Key Laboratory of High Confidence Software Technologies (MOE), School of CS, Peking University, Beijing, China.
Institute of Computational Social Science, Peking University (Qingdao), Qingdao, China.
Bioinformatics. 2022 Jun 27;38(13):3415-3421. doi: 10.1093/bioinformatics/btac334.
The emergence of next-generation sequencing techniques opens up tremendous opportunities for researchers to uncover the basic mechanisms of disease at the molecular level. Recently, automatic machine learning (AutoML) frameworks have been employed for genomic and epigenomic data analysis. However, to analyze those high-dimensional data, existing AutoML frameworks suffer from the following issues: (i) they could not effectively filter out the redundant features from the original data, and (ii) they usually obey the rule of feature engineering first and algorithm hyper-parameter tuning later to build the machine learning pipeline, which could lead to sub-optimal outcomes. Thus, it is an urgent need to design a new AutoML framework for high-dimensional omics data analysis.
We introduce a new method: AutoDC, a tailored AutoML framework, for different disease classification based on gene expression data. AutoDC designs two novel optimization strategies to improve the performance. One is that AutoDC designs a novel two-stage feature selection method to select the features with high gene contribution scores. The other is that AutoDC proposes a novel optimization method, based on a two-layer Multi-Armed Bandit framework, to jointly optimize the feature engineering, algorithm selection and algorithm hyper-parameter tuning. We apply our framework to two public gene expression datasets. Compared with three state-of-the-art AutoML frameworks, AutoDC could effectively classify diseases with higher predictive accuracy.

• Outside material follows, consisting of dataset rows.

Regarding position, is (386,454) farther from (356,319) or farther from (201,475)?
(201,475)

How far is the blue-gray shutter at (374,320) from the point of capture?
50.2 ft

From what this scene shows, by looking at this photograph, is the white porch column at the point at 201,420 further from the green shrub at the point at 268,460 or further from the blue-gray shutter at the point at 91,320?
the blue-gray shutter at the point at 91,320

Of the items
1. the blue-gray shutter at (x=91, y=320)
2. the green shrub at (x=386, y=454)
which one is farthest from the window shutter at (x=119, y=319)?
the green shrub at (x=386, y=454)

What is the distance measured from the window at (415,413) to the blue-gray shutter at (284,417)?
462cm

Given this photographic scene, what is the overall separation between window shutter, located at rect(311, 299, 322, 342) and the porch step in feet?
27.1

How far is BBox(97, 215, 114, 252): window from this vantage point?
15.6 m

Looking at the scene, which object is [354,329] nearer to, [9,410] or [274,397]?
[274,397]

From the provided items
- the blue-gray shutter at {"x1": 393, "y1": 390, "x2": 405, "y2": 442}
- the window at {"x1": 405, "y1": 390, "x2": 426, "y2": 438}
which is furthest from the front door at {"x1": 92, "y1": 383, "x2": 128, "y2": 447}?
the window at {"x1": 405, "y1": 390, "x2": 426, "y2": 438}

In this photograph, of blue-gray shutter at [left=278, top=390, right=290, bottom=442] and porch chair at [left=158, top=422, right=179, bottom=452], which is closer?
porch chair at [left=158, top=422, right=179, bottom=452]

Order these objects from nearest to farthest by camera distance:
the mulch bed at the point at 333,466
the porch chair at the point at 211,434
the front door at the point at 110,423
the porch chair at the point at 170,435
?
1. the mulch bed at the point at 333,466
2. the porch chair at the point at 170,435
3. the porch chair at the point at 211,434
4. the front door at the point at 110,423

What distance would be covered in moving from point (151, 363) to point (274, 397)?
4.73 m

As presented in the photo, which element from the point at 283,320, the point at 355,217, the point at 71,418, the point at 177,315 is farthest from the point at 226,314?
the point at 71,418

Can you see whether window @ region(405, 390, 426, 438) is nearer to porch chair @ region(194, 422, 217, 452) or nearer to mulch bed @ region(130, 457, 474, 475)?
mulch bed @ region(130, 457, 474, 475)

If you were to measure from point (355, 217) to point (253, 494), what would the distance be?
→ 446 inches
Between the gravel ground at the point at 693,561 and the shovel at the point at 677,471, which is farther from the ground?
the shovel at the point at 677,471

The data and codes of AutoDC are available at https://github.com/dingdian110/AutoDC. The data underlying this article are available in the article and in its online supplementary material.
Supplementary data are available at Bioinformatics online.

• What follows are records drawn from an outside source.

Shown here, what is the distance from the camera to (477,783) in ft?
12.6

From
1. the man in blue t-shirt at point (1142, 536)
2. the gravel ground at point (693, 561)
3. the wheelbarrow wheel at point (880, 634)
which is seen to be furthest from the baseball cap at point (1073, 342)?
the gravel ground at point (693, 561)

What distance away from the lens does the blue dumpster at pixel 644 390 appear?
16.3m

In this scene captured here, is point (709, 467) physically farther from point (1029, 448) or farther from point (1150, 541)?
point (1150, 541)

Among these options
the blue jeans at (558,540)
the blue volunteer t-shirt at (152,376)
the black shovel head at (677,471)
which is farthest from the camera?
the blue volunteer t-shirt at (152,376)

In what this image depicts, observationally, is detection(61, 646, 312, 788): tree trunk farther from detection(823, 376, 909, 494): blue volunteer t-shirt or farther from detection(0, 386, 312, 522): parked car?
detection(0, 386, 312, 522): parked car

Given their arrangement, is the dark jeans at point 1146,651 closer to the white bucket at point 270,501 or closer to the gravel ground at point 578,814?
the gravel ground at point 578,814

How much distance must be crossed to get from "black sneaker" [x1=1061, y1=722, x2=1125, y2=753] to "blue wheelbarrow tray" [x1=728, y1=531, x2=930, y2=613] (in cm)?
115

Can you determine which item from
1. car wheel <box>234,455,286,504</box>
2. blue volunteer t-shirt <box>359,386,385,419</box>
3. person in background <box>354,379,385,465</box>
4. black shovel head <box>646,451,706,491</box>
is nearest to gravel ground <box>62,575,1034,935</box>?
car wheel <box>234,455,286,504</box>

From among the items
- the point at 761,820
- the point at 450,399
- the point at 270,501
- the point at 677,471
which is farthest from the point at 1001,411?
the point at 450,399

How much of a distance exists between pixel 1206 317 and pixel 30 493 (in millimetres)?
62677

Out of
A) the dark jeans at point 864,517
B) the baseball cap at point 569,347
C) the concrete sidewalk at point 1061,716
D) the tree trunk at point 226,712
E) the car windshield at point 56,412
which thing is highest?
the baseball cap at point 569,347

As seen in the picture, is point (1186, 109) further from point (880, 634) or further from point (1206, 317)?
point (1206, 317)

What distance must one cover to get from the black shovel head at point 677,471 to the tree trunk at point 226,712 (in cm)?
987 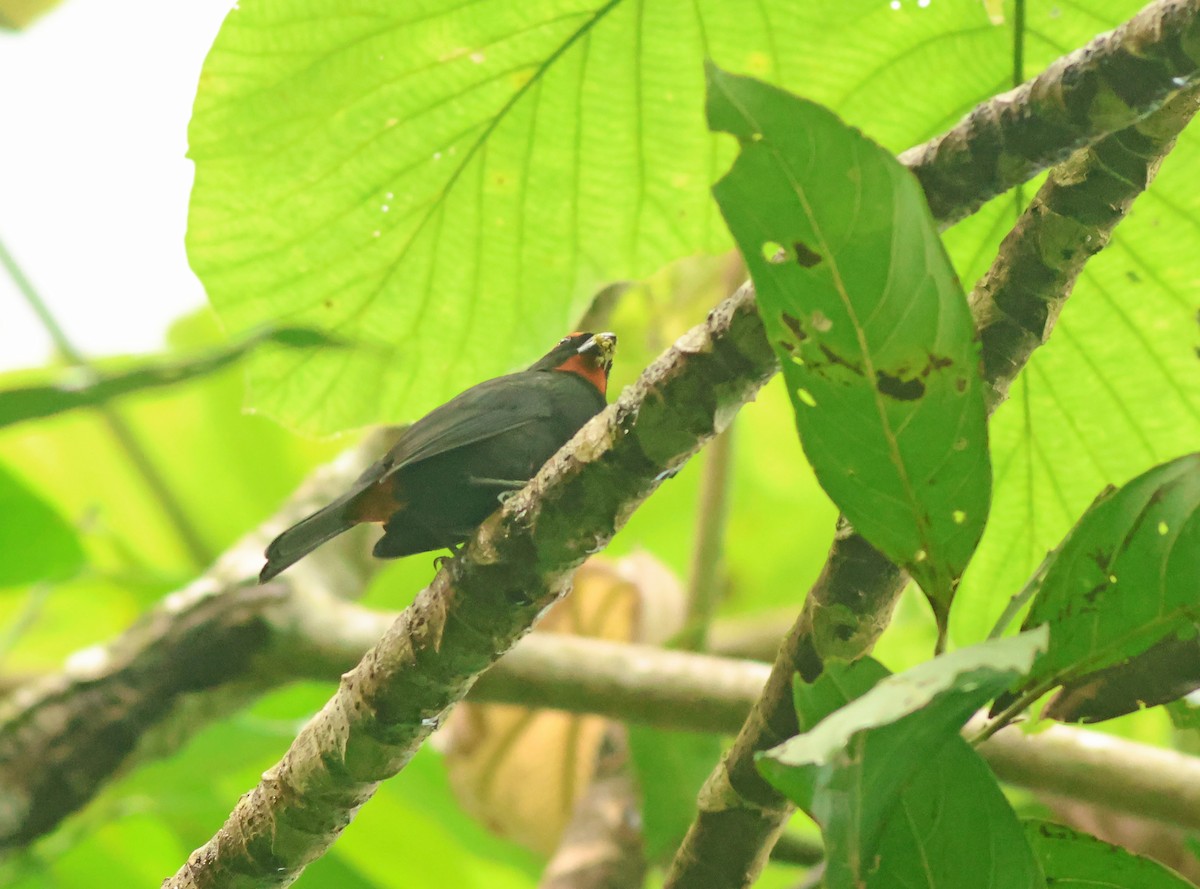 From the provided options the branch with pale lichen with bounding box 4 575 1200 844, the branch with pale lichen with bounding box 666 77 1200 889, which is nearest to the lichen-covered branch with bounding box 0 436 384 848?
the branch with pale lichen with bounding box 4 575 1200 844

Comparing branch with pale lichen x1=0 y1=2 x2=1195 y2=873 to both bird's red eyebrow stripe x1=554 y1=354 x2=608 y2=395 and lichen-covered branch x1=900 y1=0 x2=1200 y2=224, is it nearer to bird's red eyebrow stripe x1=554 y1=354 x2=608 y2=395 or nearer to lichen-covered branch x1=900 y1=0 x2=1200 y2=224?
lichen-covered branch x1=900 y1=0 x2=1200 y2=224

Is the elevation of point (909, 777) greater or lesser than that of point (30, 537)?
lesser

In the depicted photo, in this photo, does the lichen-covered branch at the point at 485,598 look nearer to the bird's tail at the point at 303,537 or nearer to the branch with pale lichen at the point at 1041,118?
the branch with pale lichen at the point at 1041,118

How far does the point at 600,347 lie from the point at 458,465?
0.36 metres

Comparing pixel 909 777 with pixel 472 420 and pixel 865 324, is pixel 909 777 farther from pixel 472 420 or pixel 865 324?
pixel 472 420

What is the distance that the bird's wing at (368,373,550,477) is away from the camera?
150 centimetres

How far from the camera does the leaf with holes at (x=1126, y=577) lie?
0.91 m

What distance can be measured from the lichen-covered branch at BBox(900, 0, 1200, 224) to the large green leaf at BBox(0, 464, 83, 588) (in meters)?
1.37

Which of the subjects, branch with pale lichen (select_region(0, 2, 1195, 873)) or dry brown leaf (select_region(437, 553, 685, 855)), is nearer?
branch with pale lichen (select_region(0, 2, 1195, 873))

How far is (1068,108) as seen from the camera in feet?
3.15

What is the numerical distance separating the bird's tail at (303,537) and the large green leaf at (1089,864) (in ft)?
3.03

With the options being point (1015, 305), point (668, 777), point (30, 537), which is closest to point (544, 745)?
point (668, 777)

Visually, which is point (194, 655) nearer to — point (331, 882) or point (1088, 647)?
point (331, 882)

下一代测序技术的出现为研究人员提供了巨大的机会,可以从分子水平揭示疾病的基本机制。最近,自动机器学习 (AutoML) 框架已被用于基因组和表观基因组数据分析。然而,为了分析这些高维数据,现有的 AutoML 框架存在以下问题:(i) 它们无法有效地从原始数据中筛选出冗余特征,(ii) 它们通常遵循特征工程优先和算法超参数调整后构建机器学习管道的规则,这可能导致次优结果。因此,迫切需要为高维组学数据分析设计新的 AutoML 框架。
我们引入了一种新的方法:AutoDC,一种针对基于基因表达数据的不同疾病分类的定制化 AutoML 框架。AutoDC 设计了两种新颖的优化策略来提高性能。一种是 AutoDC 设计了一种新颖的两阶段特征选择方法来选择具有高基因贡献分数的特征。另一种是 AutoDC 提出了一种新颖的优化方法,基于两层多臂老虎机框架,共同优化特征工程、算法选择和算法超参数调整。我们将我们的框架应用于两个公共基因表达数据集。与三个最先进的 AutoML 框架相比,AutoDC 可以有效地以更高的预测准确性对疾病进行分类。
AutoDC 的数据和代码可在 https://github.com/dingdian110/AutoDC 上获得。本文的数据可在文章和其在线补充材料中获得。
补充数据可在 Bioinformatics 在线获得。